The first thing we noticed is that the previous installer set the windows directly on the house sheathing and did not apply any seal-in at all. That’s a great spot for air and water to get behind the window flange and leak into the house.
The second and more important issue we saw was the way that the original builders lapped their housewrap over the flange. At the bottom of the window, the paper is sitting over the flange when it should be underneath. In that situation, if water penetrates into the trim or the siding, it will want to run down and get right behind the paper. To properly flash a window, the bottom course of house wrap should be installed before the window and wrap into the sill. That way, when water gets behind the siding or trim, it’ll roll down and not get behind the housewrap.
To remove the existing windows, the first thing we do is run a Skilsaw around the window to expose the window flange. Then we pull the siding, nails, and the window to prep the window opening. After making sure the opening is free of debris, we apply a liberal bead of Prosoco Fast Flash, making sure the sill has a slope to it. Once the Fast Flash is applied, we spray it down with a bit of water, which helps it set more quickly so the windows can be installed in a couple of hours.

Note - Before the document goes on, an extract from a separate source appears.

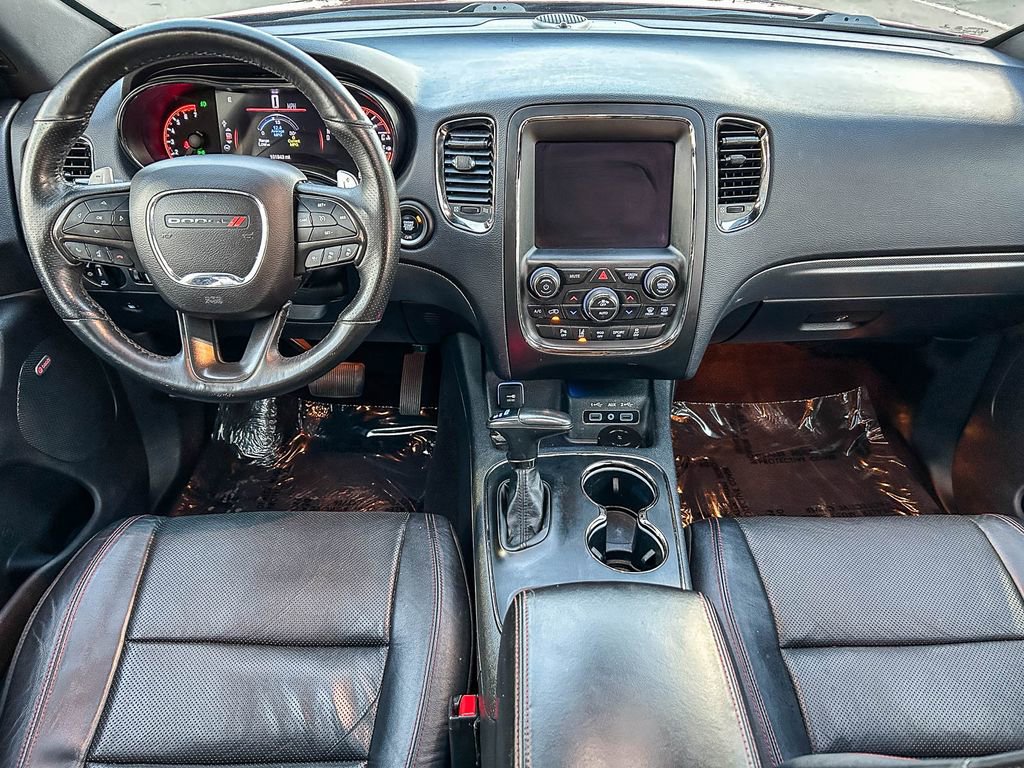 Used 2018 Dodge Durango R/T w/ Technology Group AWD/4WD image 16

Once the Fast Flash has set, we apply a bead of Prosoco AirDam sealant on three sides, but skip the bottom, and then use blue horseshoe wedges to create a gap at the bottom so that the sill can drain if water ever gets in.
After the window is installed, we work on the last bit of flashing details, which are crucial. First, we add a piece of Henry FortiFlash 365 peel-and-stick to create a little apron for the window to drain. We peeled the top part and bonded it to the flange, but left the backing on the lower part of the tape so it doesn’t bond to the housewrap. This allows a gap so if water ever pools underneath the window, it has a place to escape. The little blue horseshoe wedge creates a gap there for water to weep out. When we go ahead and put the trim on this piece, it’ll protect it from any wind-driven rain that gets underneath the sill and keep it from driving up and underneath the window, and it’ll allow it to drain out onto the old housewrap.
We aren’t replacing the siding, and we’re able to accommodate that by adding trim to the windows. Over the course of the project I made two cuts on the siding. The first cut was made with the short side of the Skilsaw base to get access to the flanges and remove the old window. The second cut was made with a wider side of the Skilsaw, which is conveniently just the right width to make space for our 5/4 x 4 trim.
When cutting, it’s really important that the tar paper stays intact. First we make a shallow pass, less than the depth of the siding, with a Skilsaw. The siding is still intact after that pass, and to finish the cut without damaging the housewrap, we took a composite shim, slid it behind the piece of siding, and finished the cut with an oscillating multitool. To finish, we flashed the window flanges on the top and sided with more Prosoco and let that set before installing the new trim to complete the job.